Embedded markov chain example

Question

I have an example of in my textbook of an "embeded markov chain", where I don't understand one step.

Suppose that $(X_n)_{n\geq 0}$ is Markov$(\lambda, P)$. $\lambda$ is the initial distribution and $P$ is the transition matrix.. Let $j\subseteq I$. Construct a random process that is only observed when it hits set $J$. Let $Y_m=X_{T_m}$, where $T_0$$=$inf$\{n\geq0 : X_n \in J\}$ & $T_m=$ inf $\{n\geq T_{m-1} : X_n \in J\}$. Assume $\Bbb P(T_m \lt \infty)=1$ for every $m\in \Bbb N$ . Claim: $(Y_m)_{m\geq 0}$ is a markov chain.

Proof:

Firstly, $T_m$'s are stopping times for every $m\geq 0$.

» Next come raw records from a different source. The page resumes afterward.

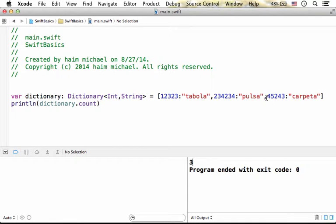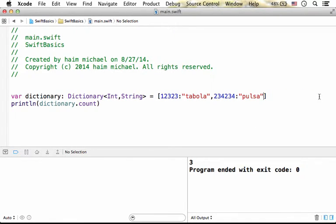If I change the code and take away one of the key-value pairs, then the output will be 2.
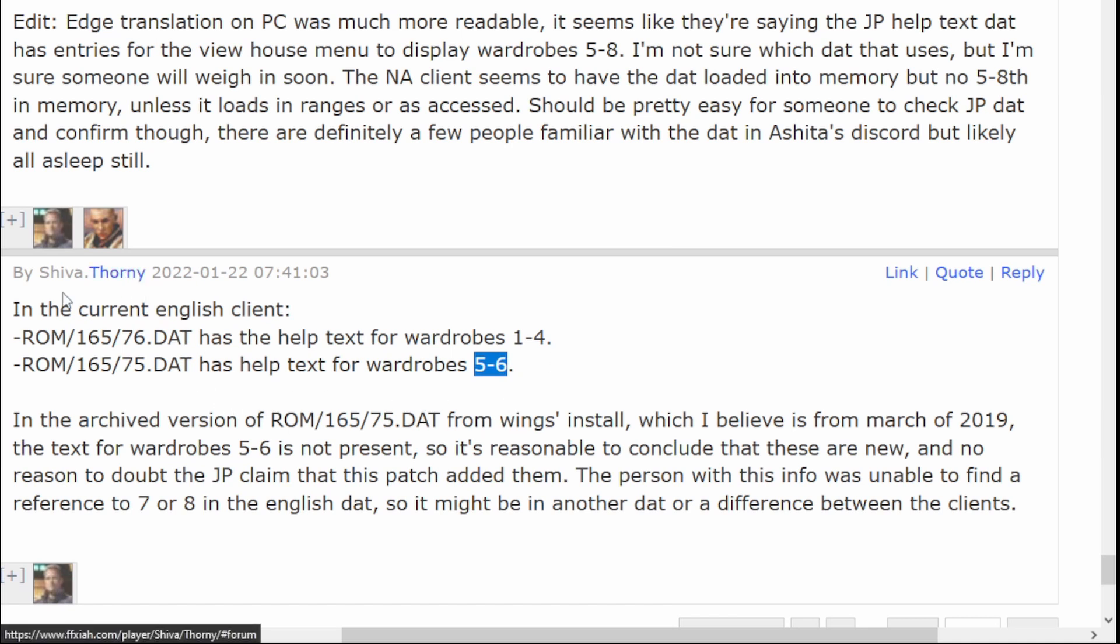It also says that this is referenced against the same dat from an earlier installation, from potentially March 2019, where these help files are not present. So it looks like it's been added recently, and it makes me super hopeful.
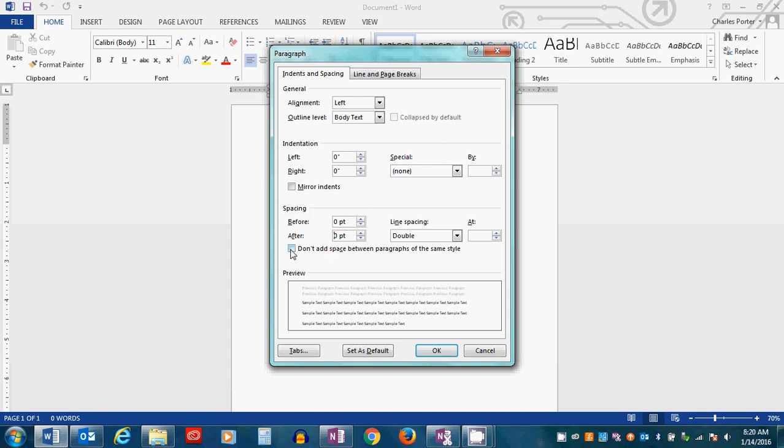You'll also, maybe, just to be double sure, want to click Don't add space between paragraphs of the same style. So the line spacing should be double, the spacing after should be zero, and then you can click OK.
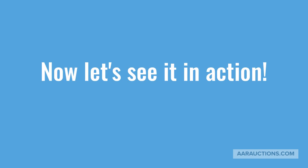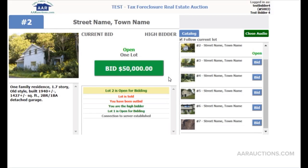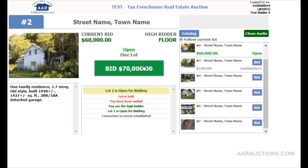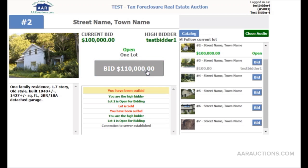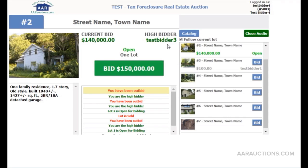Now let's take a look and see the auction in action. Bidding starts at $50,000. We'll bid at $50,000... $60,000... $70,000... $80,000... $90,000... $100,000... $110,000... $120,000... $130,000... $140,000... $150,000... $160,000. Any further advance? Down it goes — sold at $150,000.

Next, $\Bbb P(Y_{m+1}=i_{m+1} | Y_0=i_0,...,Y_m=i_m)$

$=\Bbb P(X_{T_{m+1}}=i_{m+1} | X_{T_0}=i_0,..., X_{T_m}=i_m)$

Here comes the part where I don't understand:

(by Strong Markov Property)= $\Bbb P_{i_m}(X_{T_1}=i_{m+1})$ $=\overline P_{i_mi_{m+1}}$ . (How does $X_{T_{m+1}}$ turn into $X_{T_1}$?)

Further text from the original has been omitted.